-- Your instructions --
Write out exactly the lines below from the one containing "Funkcjonariusz na wiadukcie" to the last, both ends kept, and nothing more; skip all pictures.

Input Start Marker

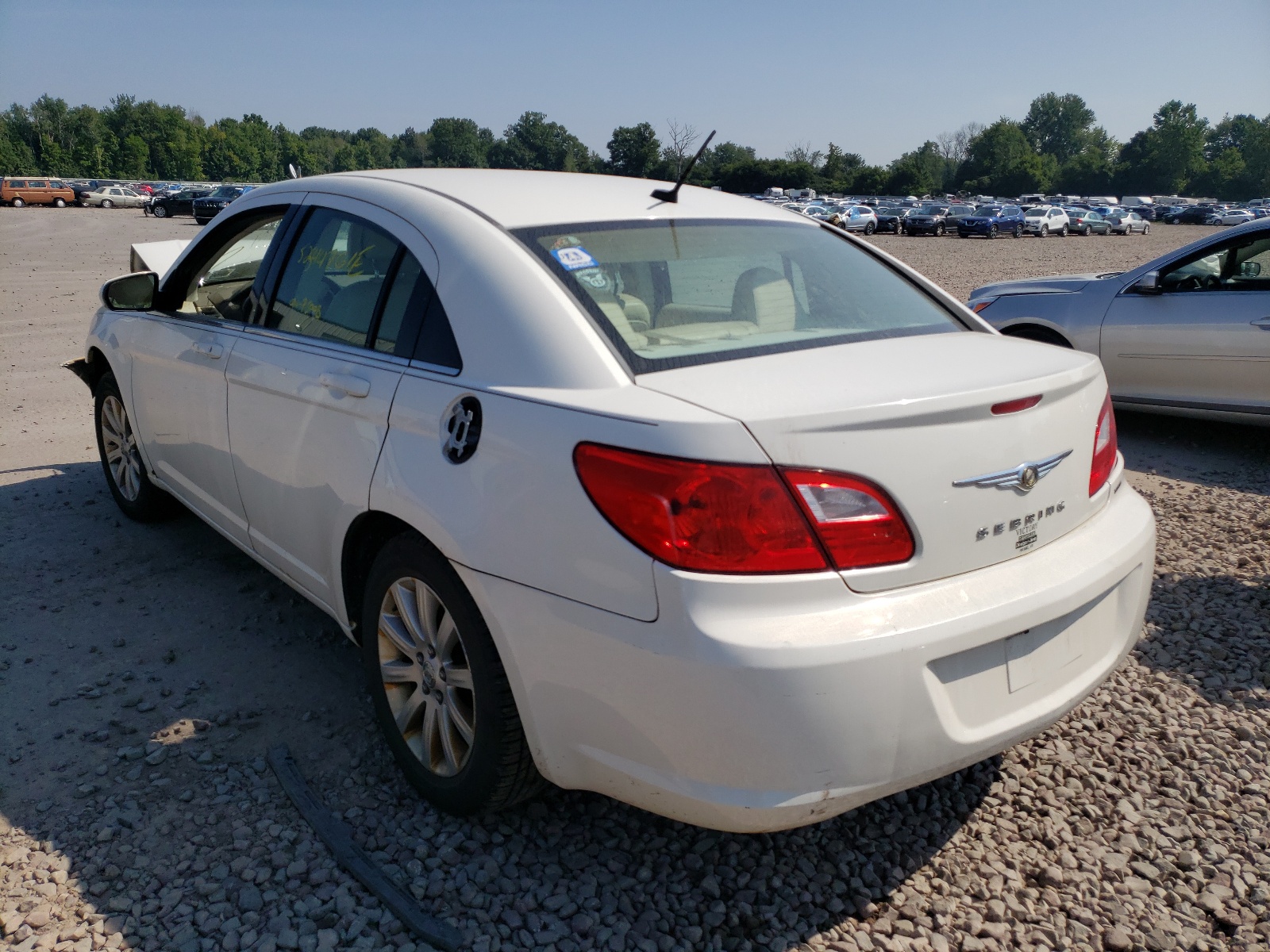 صورة رقم 3 من المزاد - 2010 CHRYSLER SEBRING LI مع VIN 1C3CC5FBXAN188190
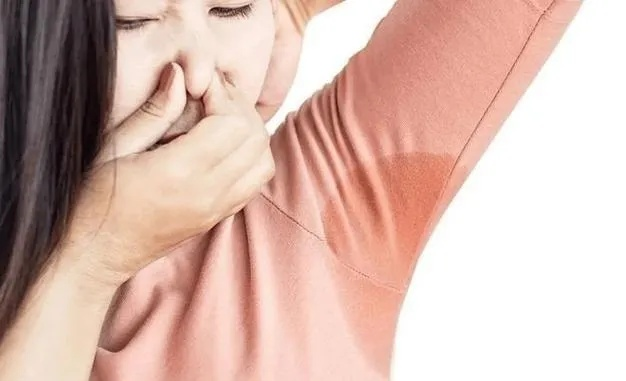 腋下有异味,如何判断是不是狐臭? 腋下有异味,如何判断是不是狐臭?
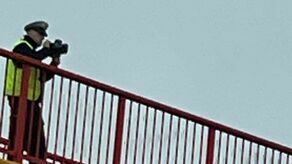 Funkcjonariusz na wiadukcie nad S17 w okolicach węzła Przytoczno sprawdzający odległość między pojazdami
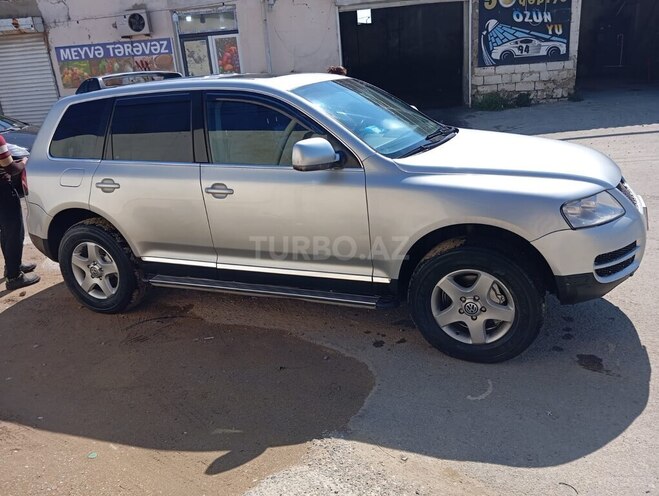Volkswagen Touareg 2004, 238,000 km - 3.2 л - Salyan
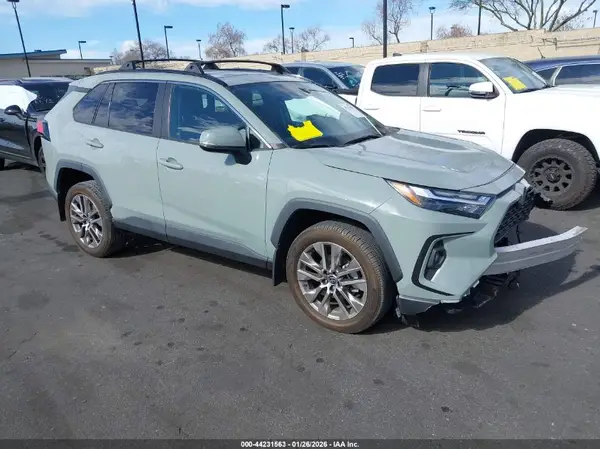 2T3C1RFVXPW274877 2023 TOYOTA RAV 4 - Image 1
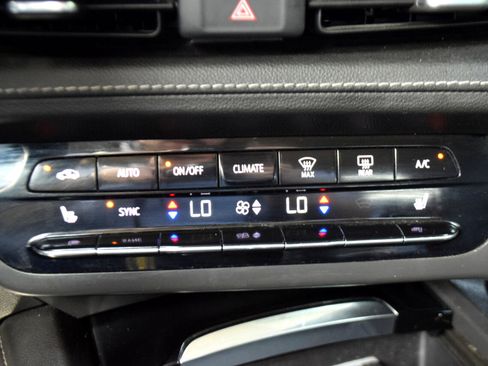 Used 2022 Buick Envision Essence w/ Sport Touring Package image 26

Input End Marker

-- Output for this exercise --
 Funkcjonariusz na wiadukcie nad S17 w okolicach węzła Przytoczno sprawdzający odległość między pojazdami
Volkswagen Touareg 2004, 238,000 km - 3.2 л - Salyan
 2T3C1RFVXPW274877 2023 TOYOTA RAV 4 - Image 1
 Used 2022 Buick Envision Essence w/ Sport Touring Package image 26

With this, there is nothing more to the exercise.